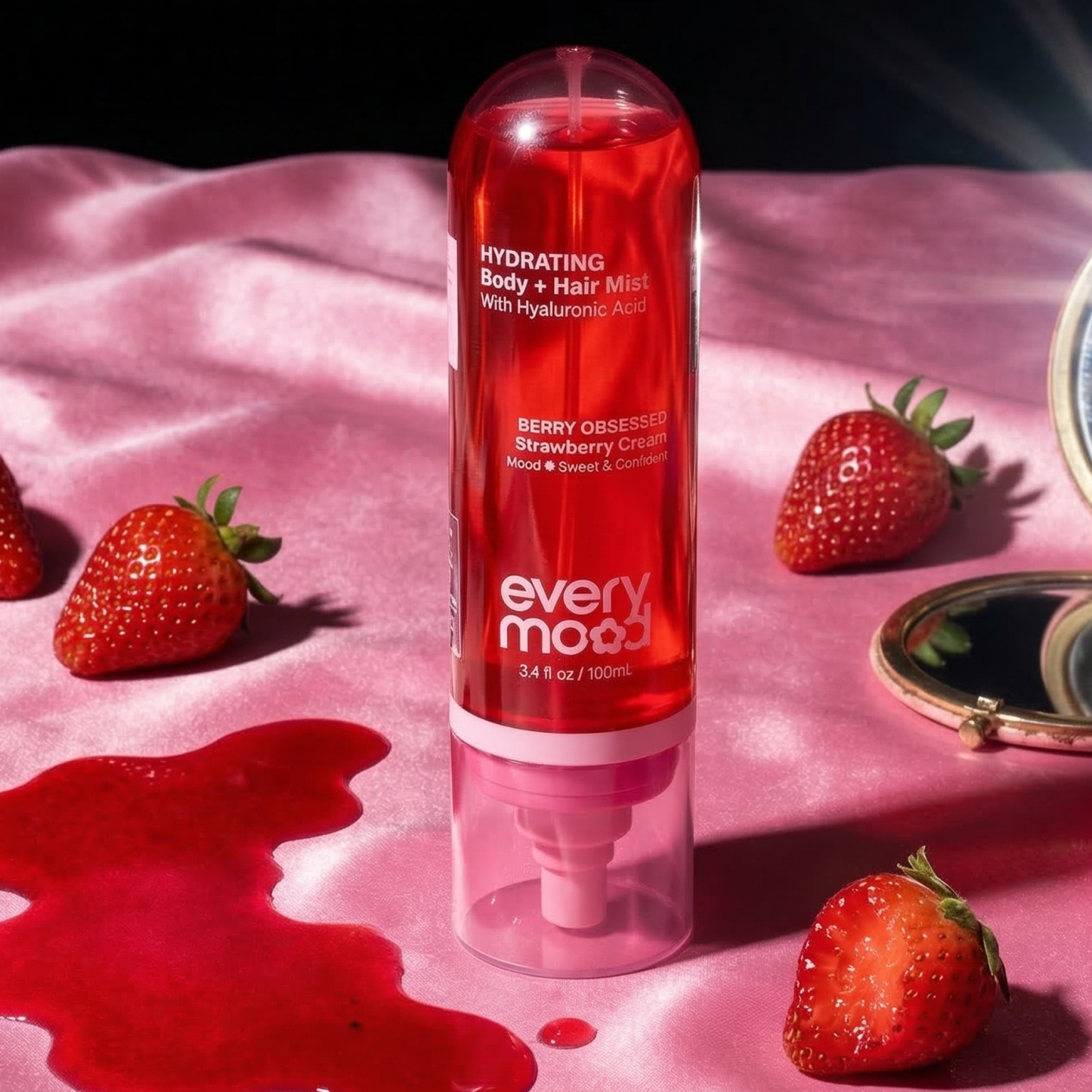 Berry Obsessed Body & Hair Mist | Every Mood Hydrating Mist with Hyaluronic Acid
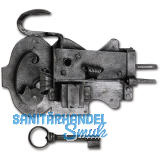 Rustikales Schlossset ULM, rechts, DM 120, Eisen verzinkt geschw�rzt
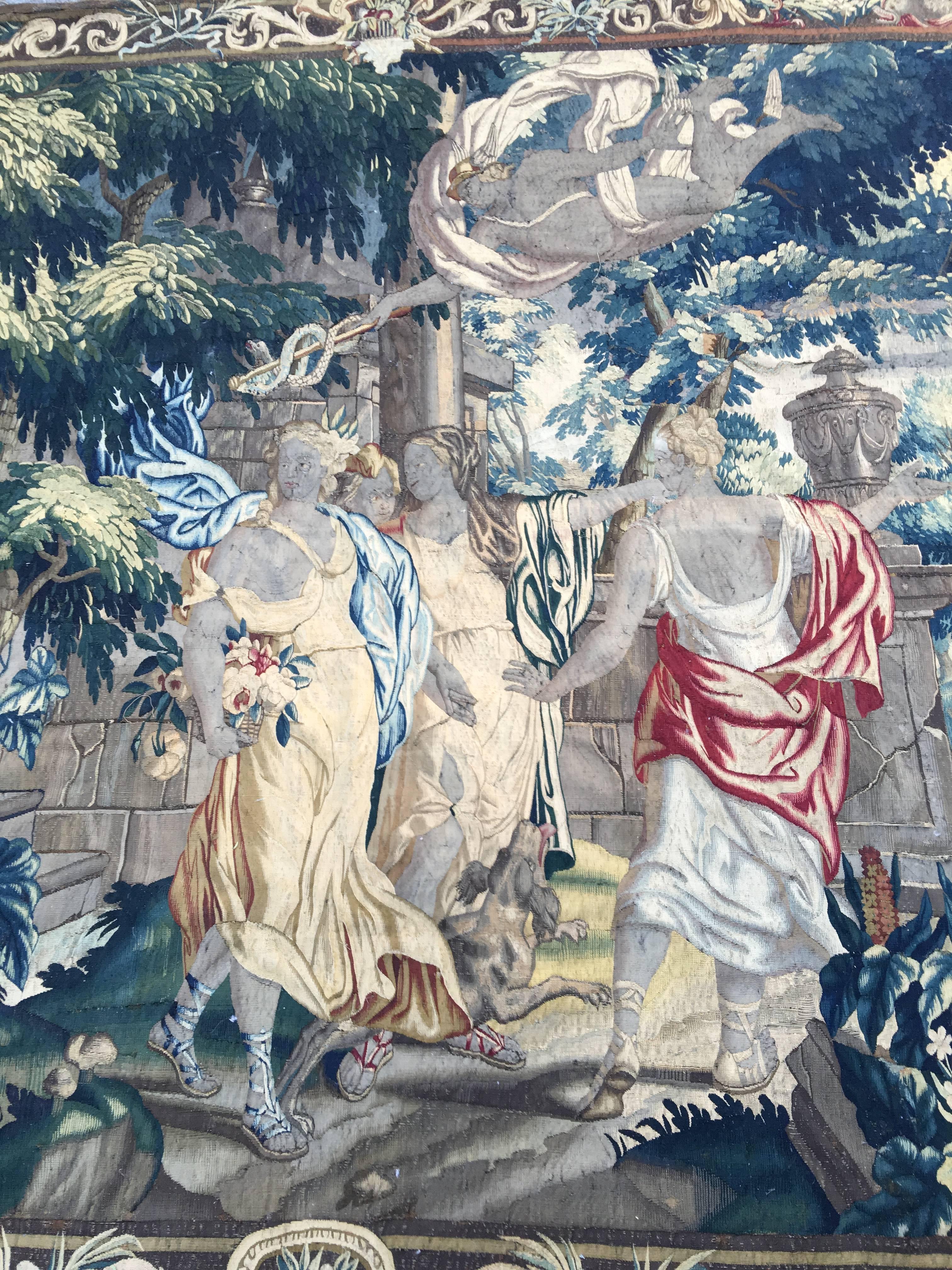 Aubusson Tapestry, French, 18th Century 1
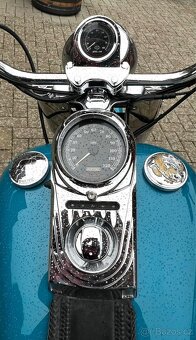 Harley - Davidson, tyrkysový Fat Boy 88´ inch. - 2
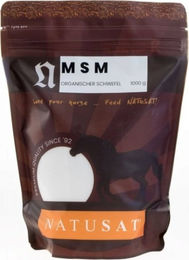 Natusat Bio MSM Methylsulfonylmethan zur Unterstützung von Gelenken, Haut, Fell und Verdauung 1000 g – Bild 1 von 3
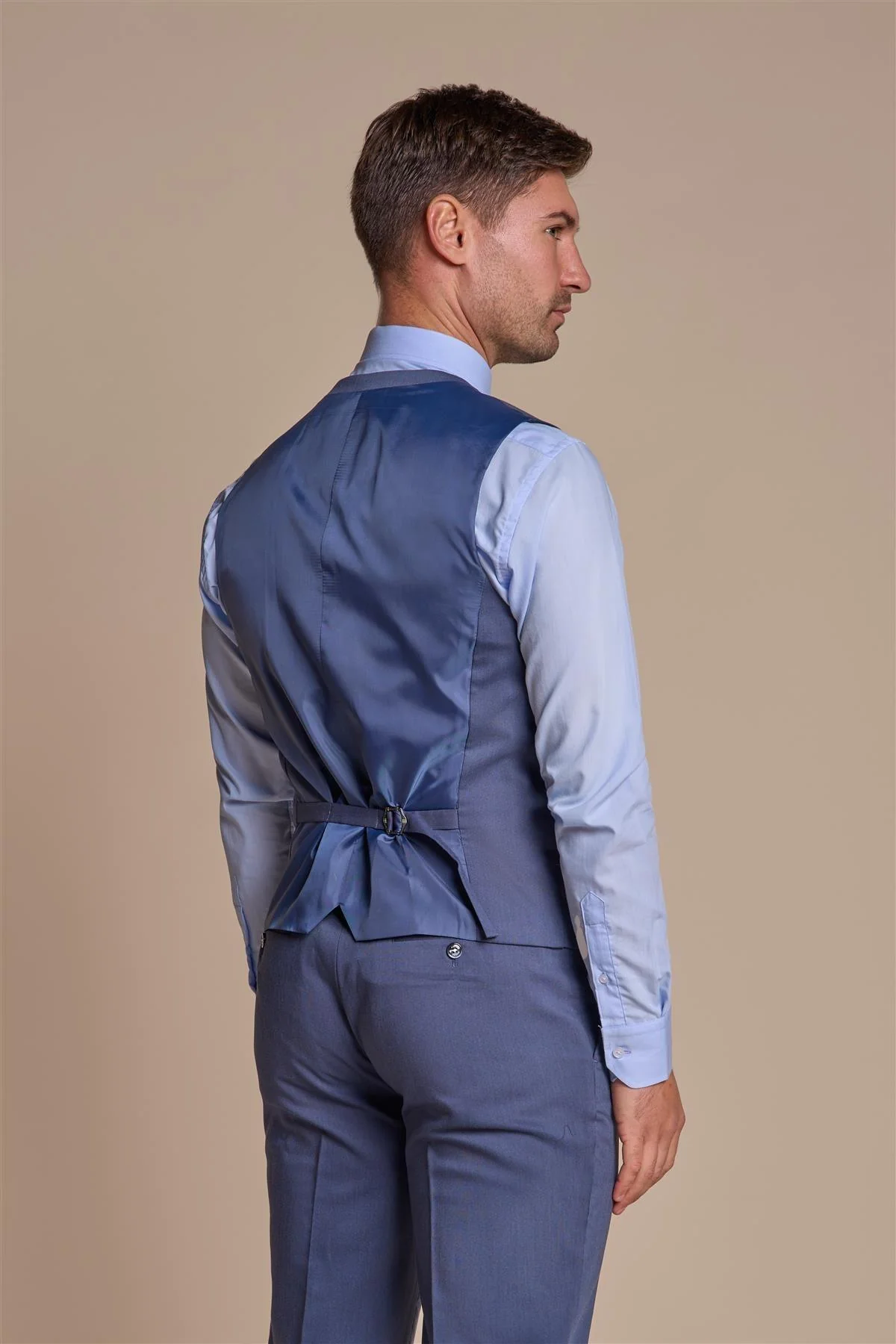 Teal Plain Waistcoat - Image 3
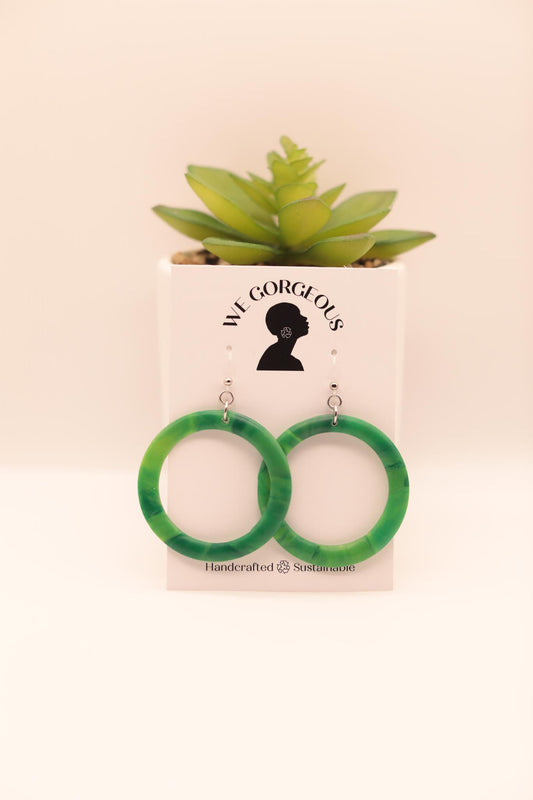 Medium Hoop Upcycled Sustainable Earrings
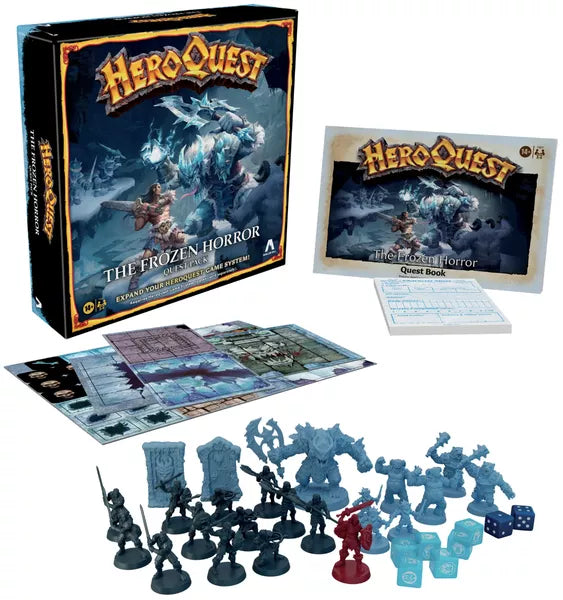 HeroQuest - The Frozen Horror Quest Pack - Board Game - for just $59.99! 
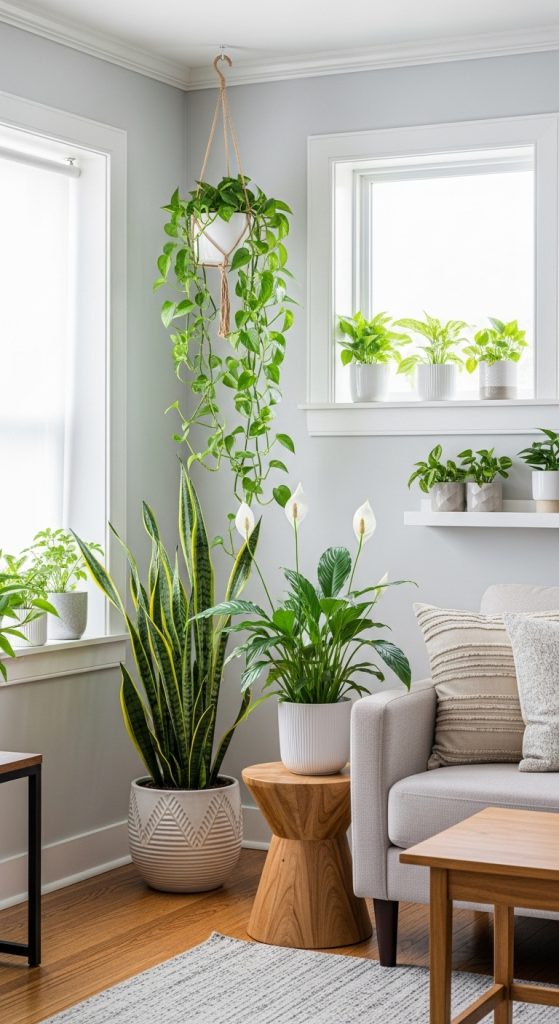 8. Go Green with Indoor Plants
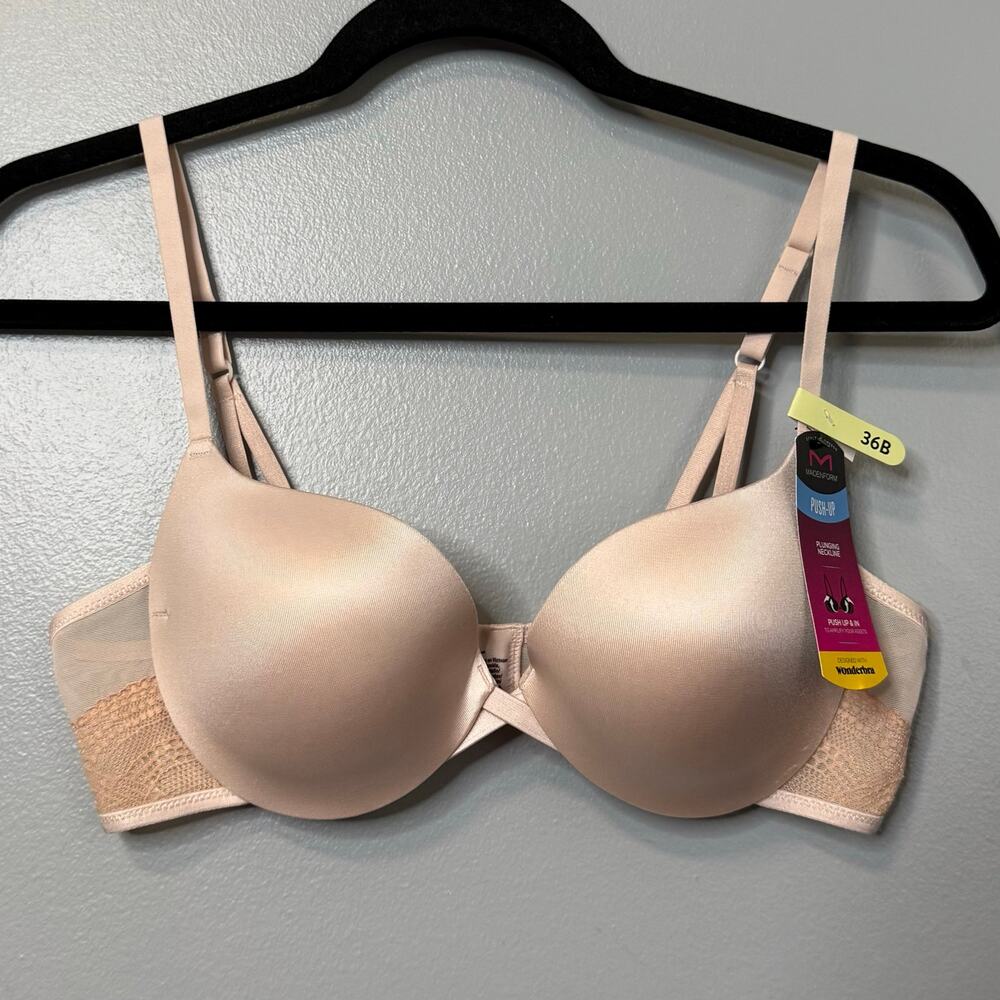Maidenform Nude Love the Lift Push Up & In Underwire Bra NEW 36B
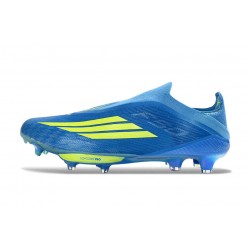 adidas F50 + Laceless Elite FG MESSI Team Blu Royal Giallo Solare Semi Blu Burst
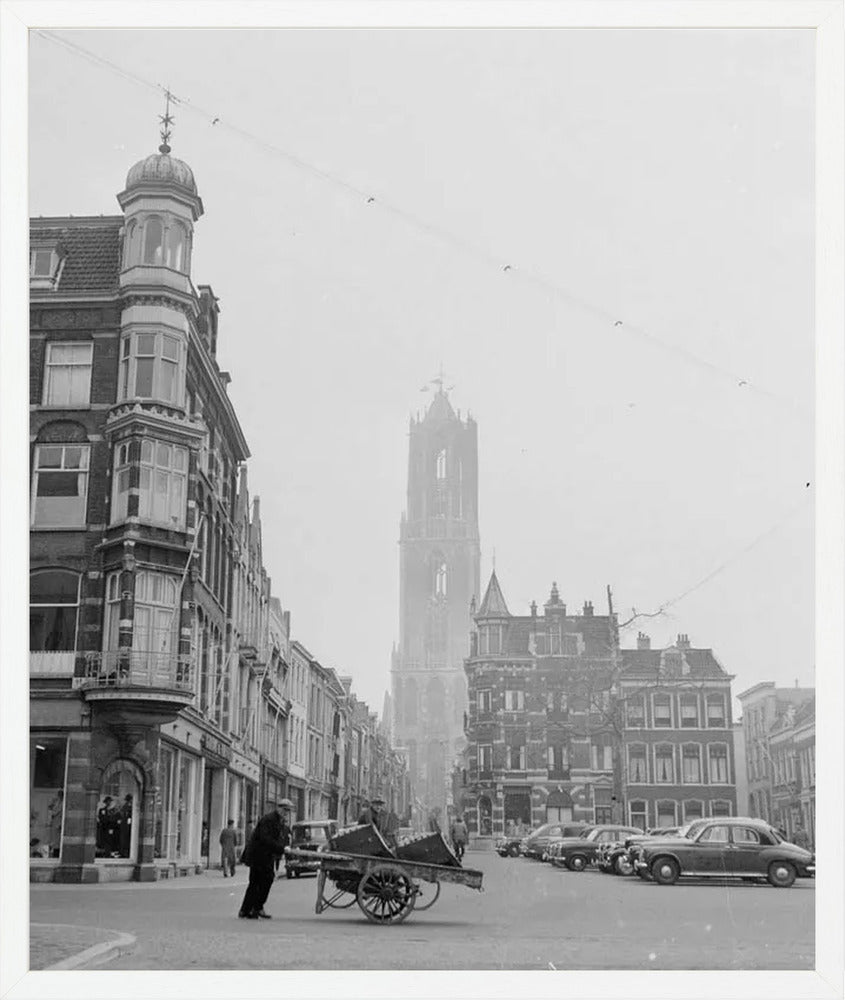 De Mariaplaats met de Domtoren - 1954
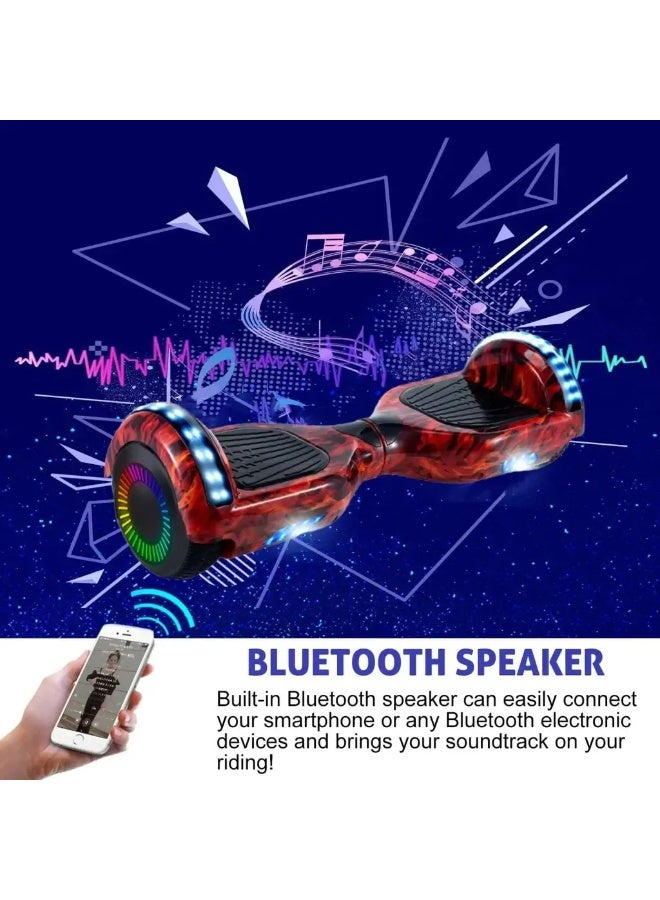 Smart-S W1 Hoverboard Bluetooth Speaker Self Balancing Scooter Flame Style - Image 3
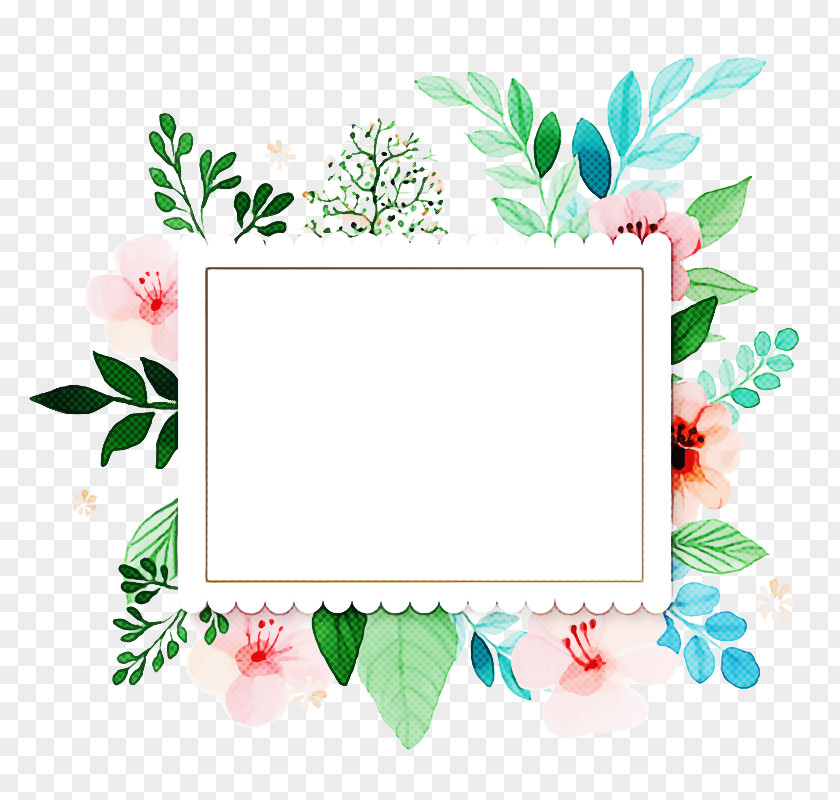 Holly Rectangle Background Watercolor Frame PNG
· · · · ·
WHAT THE TASK REQUIRES:
Send back every line of the listing exactly. Omit the images.

YOUR RESPONSE:
 Berry Obsessed Body & Hair Mist | Every Mood Hydrating Mist with Hyaluronic Acid
 Rustikales Schlossset ULM, rechts, DM 120, Eisen verzinkt geschw�rzt
 Aubusson Tapestry, French, 18th Century 1
 Harley - Davidson, tyrkysový Fat Boy 88´ inch. - 2
 Natusat Bio MSM Methylsulfonylmethan zur Unterstützung von Gelenken, Haut, Fell und Verdauung 1000 g – Bild 1 von 3
 Teal Plain Waistcoat - Image 3
 Medium Hoop Upcycled Sustainable Earrings
 HeroQuest - The Frozen Horror Quest Pack - Board Game - for just $59.99! 
 8. Go Green with Indoor Plants
Maidenform Nude Love the Lift Push Up & In Underwire Bra NEW 36B
 adidas F50 + Laceless Elite FG MESSI Team Blu Royal Giallo Solare Semi Blu Burst
 De Mariaplaats met de Domtoren - 1954
 Smart-S W1 Hoverboard Bluetooth Speaker Self Balancing Scooter Flame Style - Image 3
 Holly Rectangle Background Watercolor Frame PNG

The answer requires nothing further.